Muranaga's Golf

46歳でゴルフを始めて10数年。シニアゴルファーが上達をめざして苦労する日々をつづります

昔々、電話は共用だった

僕が幼稚園から小学校低学年の頃だから、時は1960年代。うちには電話がなかった。電話がないのは僕のうちだけではなく、近所でも電話のあるうちはごくわずかだった。うちに用がある電話がかかってきた時は取り次いでもらった。またこちらから電話を借りてかける場合は、10円玉を置いてきた。電話を近所の家何軒かで共用していたのである。昭和40年代前半、「坊ちゃん」の舞台となった四国の、ある県庁所在地での話である。

今になって、なぜ急にこんな昔話を思い出したのか。あれから40年。アフリカの携帯電話の普及が同じような形で始まっていたからだ。「村のオペレータ」という人がマイクロファイナンスでお金を借りて、携帯電話と屋根に置くアンテナを買う。そして自分がその携帯電話を使うだけではなく、村の他の人に「通話を売る。」つまり電話をした人からお金を取る。このわずかの利益で「村のオペレータ」は借金を返していく。

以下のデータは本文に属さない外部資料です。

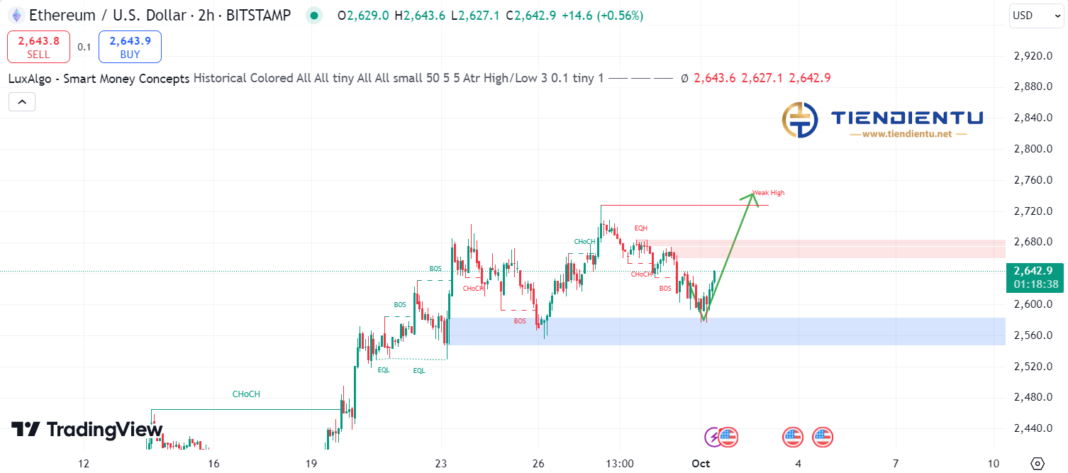 4h Ethereum SMC Chart Update 1/10/2024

この構図は、僕らが昔、黒電話を共用していた図に重なる。「10円玉を置いてくる」のを思い出すことによって初めて、マイクロファイナンスを実感できた気がする。

実際にマイクロファイナンスが始まったのは携帯電話ではなく、牛であった。借金して買った牛から取れる乳を他の村人たちに売って、そのわずかな利益から借金を返していく。乳牛と携帯電話とが、原理的には同じものであることに気づいた人は、目のつけどころがさすがである。